Background to the case

Mr Aldeen’s prosecution is part of a targeted, repressive move against rescue NGOs in the EU. In recent years, especially since the outbreak of the “refugee crisis” in 2015, the EU environment surrounding sea rescue has become increasingly harsh and restrictive. This has included amendments to various laws in several Member States, including Greece, which has seen the introduction of additional registration and reporting formalities; instances of harassment and police intimidation; undue arrest and detention; and public smear campaigns in the press and social media. This has made it increasingly difficult for rescue NGOs to operate at sea, to the point that there are no longer any civil society organisations actively and publicly pursuing maritime rescue in Greece. This application, therefore, bears the potential of restoring the confidence of human rights defenders in the Mediterranean basin that their work will not result in criminalization.


Since arriving in Greece, after the body of Alan Kurdi was washed ashore in September 2015, Mr Salam Kamal-Aldeen has worked to promote the rights of refugees on Lesbos. With Team Humanity, he has routinely contributed to operational efforts by the Hellenic Coast Guard (HCG), participating in over 150 missions, rescuing up to 200 persons a day.

Although their cooperation ran smoothly until January 2016, things changed on January 14th when, around 2:30 am, the applicant received a message about a boat in distress carrying asylum-seekers in the area near the Mytilene airport. No coordinates were provided. He immediately reached out to his crew and prepared to deliver assistance, notifying the HCG. The aim was to locate the boat in distress and remain nearby until the HCG arrived; they would intervene only in case of imminent danger. Not knowing the exact location of the shipwreck, they spent some time searching. Unable to locate any boat within Greek territorial waters, they finally decided to change course and return towards Lesbos.

Meanwhile, the HCG had been informed of the presence of adrift boats with migrants at 1:05 am and had given an order to one of its vessels for a rescue operation. The HCG vessel located two adrift boats within Turkish territorial waters at 1:50 and 1:55 am, notified the Central HCG and remained nearby until the boats were retrieved by the Turkish Coast Guard (TCG). The third adrift boat was located at 2:00 am within Turkish territorial waters and was also recovered by the TCG. Around 3:10 am, the HCG located the Team Humanity boat and escorted it back to port, where the applicant and the rest of the crew were arrested. They were accused of attempted migrant smuggling.

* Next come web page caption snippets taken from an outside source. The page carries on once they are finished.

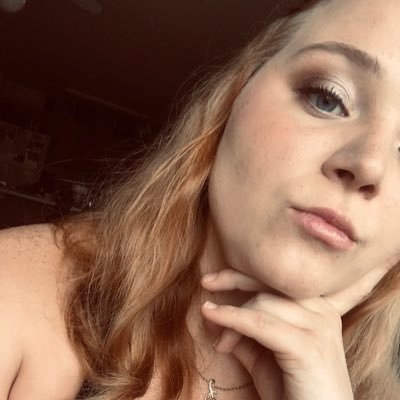 MoMo_Karasek's profile picture. UWEC class of 2021, Future Nurse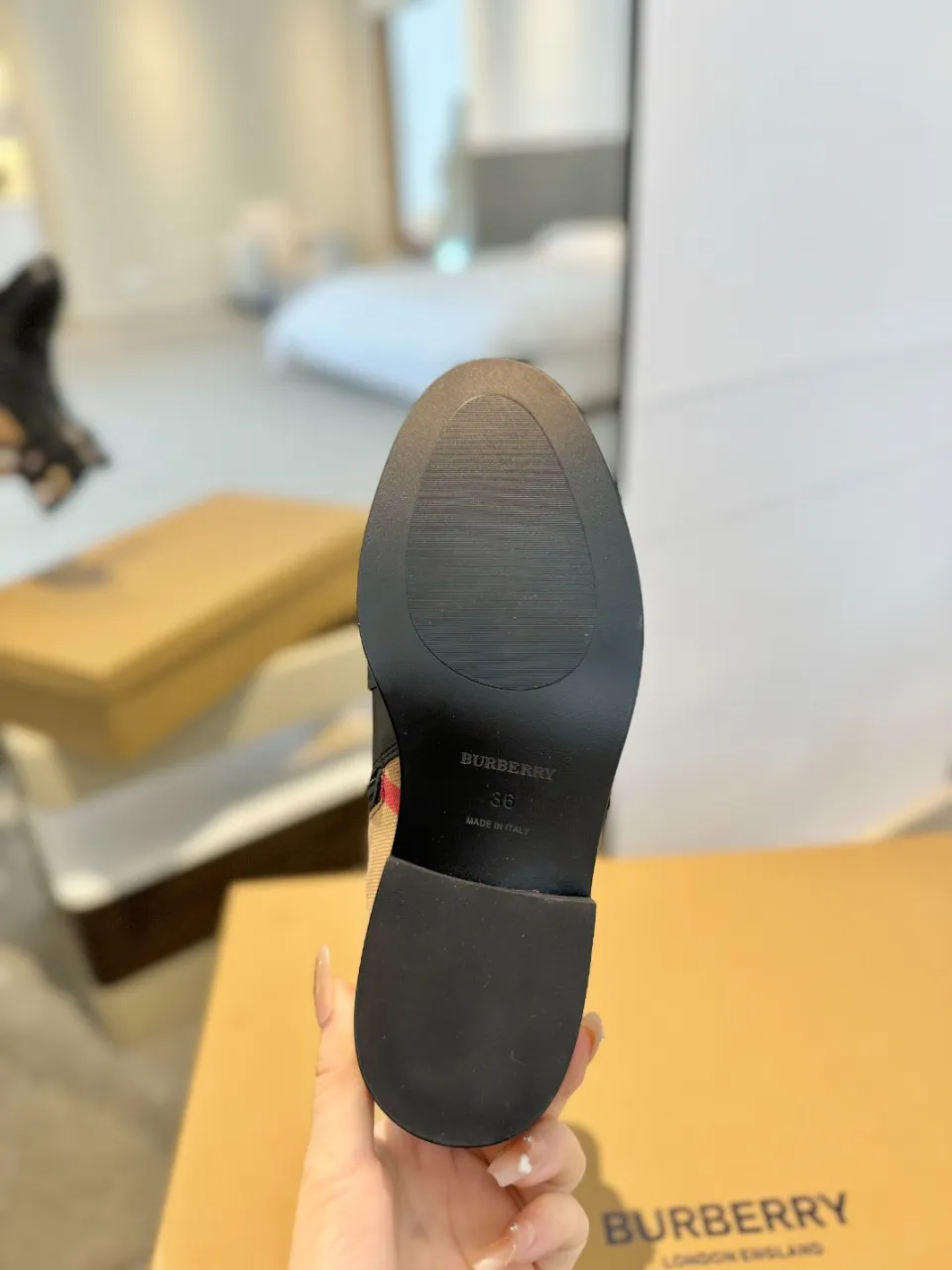 Burberry ブラック格子柄アンクルブーツ新作 - 画像 (10)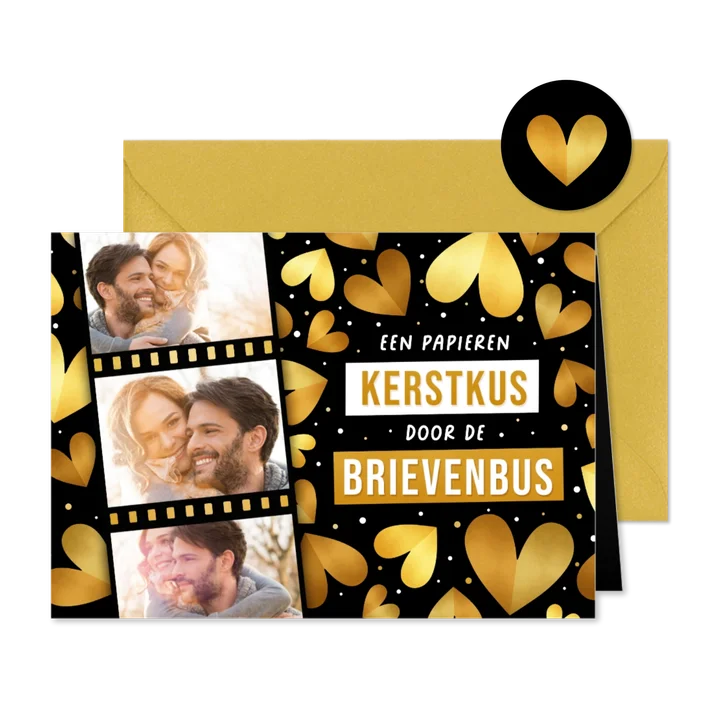 Grappige kerstkaart kerstkus door brievenbus met foto's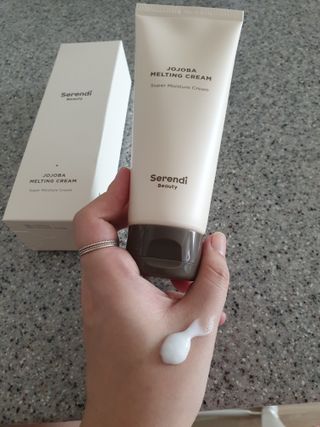 세렌디뷰티 호호바 멜팅 크림 — 5점을 준 리뷰어가 2021년 9월 올린 사용 사진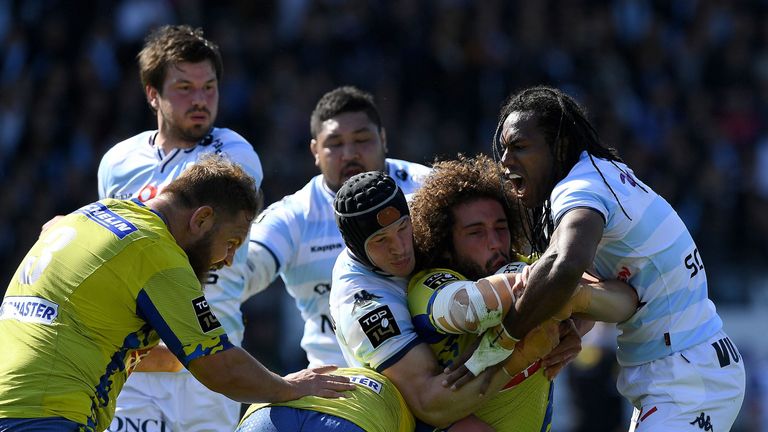 Clermont flanker Camille Gerondeau (C) vies with Racing 92's Wenceslas Lauret (L) and Albert Vuli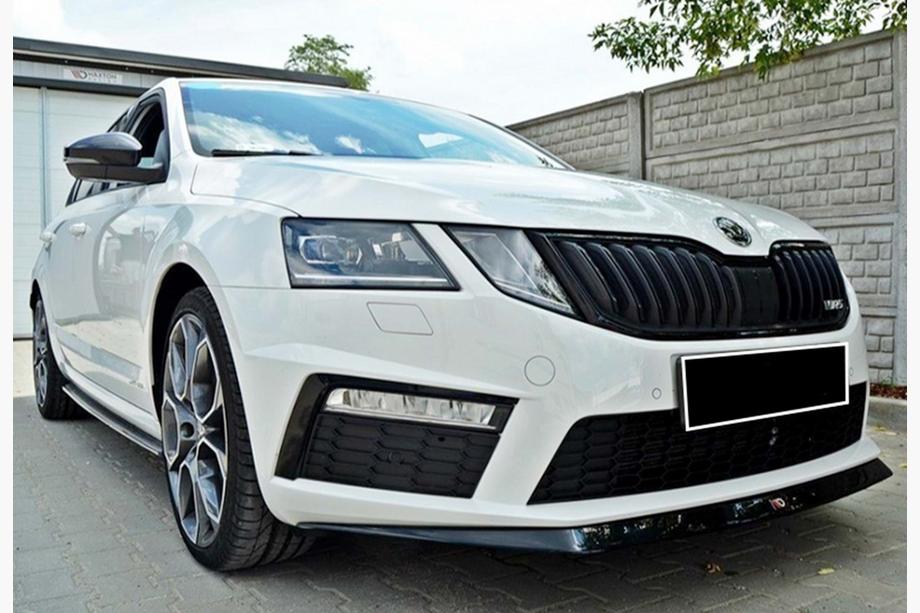 Skoda Octavia III A7 2013–2019 DPT V-3 frontlip (2013-2017 RS, blanksvart) Foto 5
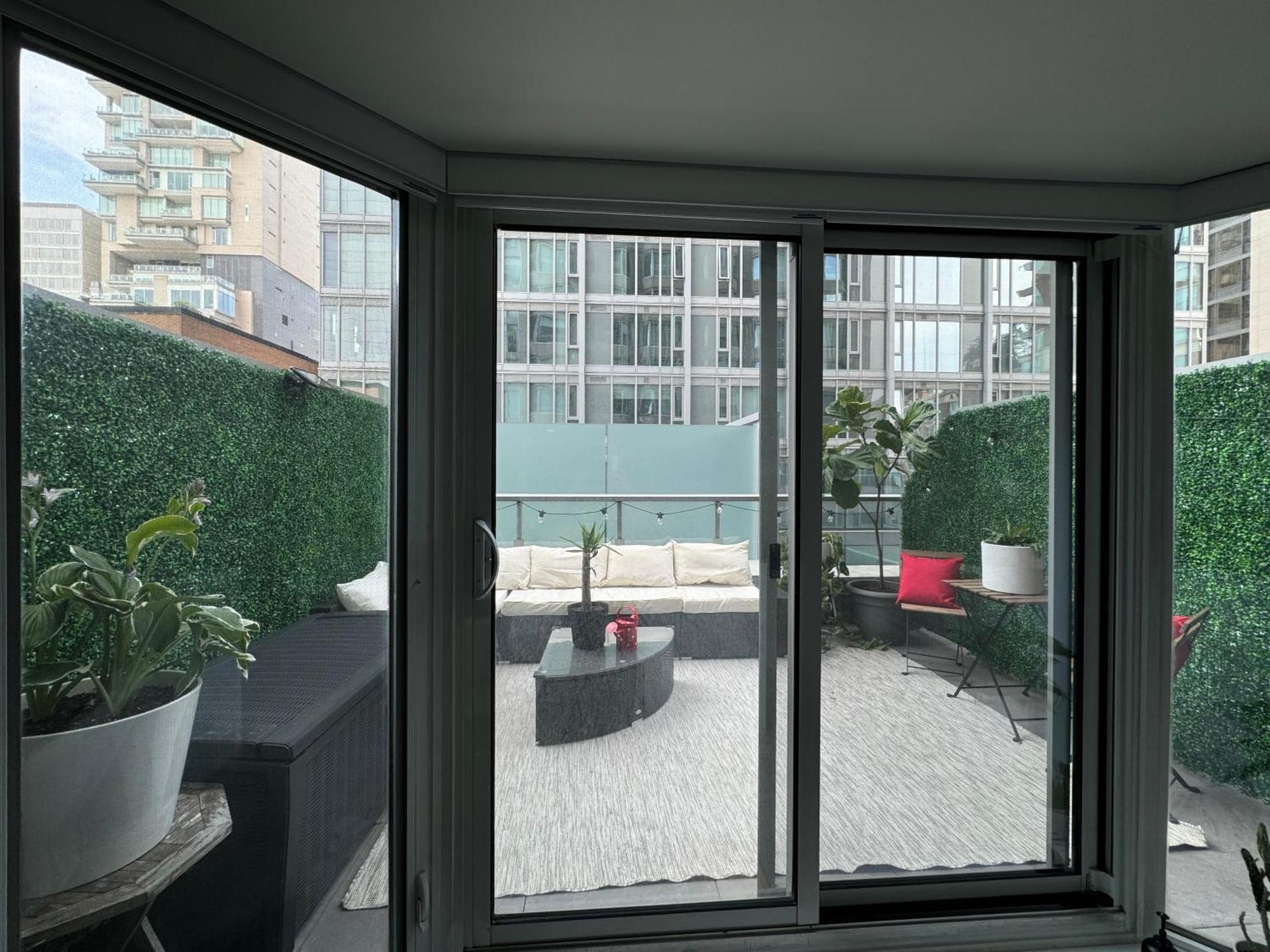 Hotel Yorkville Terrace *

On 16 January 2016, the Investigating Judge confirmed the charge, in its aggravated form, on the basis of the applicant “having decided to commit”, jointly with the other defendants, “with decision and intent” and “as a repeated crime”, the felony of illegal transport of irregular migrants into Greek territory without authorisation in the degree of tentative, frustrated only by the intervention of the HCG. No proof was adduced, the Judge referring to their use of “rescue as a pretext” to perpetrate the crime. In addition, several, equally unwarranted, restrictive measures were imposed on the applicant, while the boat and the rescue equipment on board were confiscated.

Although the Court of Appeal acquitted the applicant in May 2018, the moral and material damage he has endured and continues to experience through the ordeal he was put through for more than 2 years, and for which the Greek authorities are responsible, has not been remedied.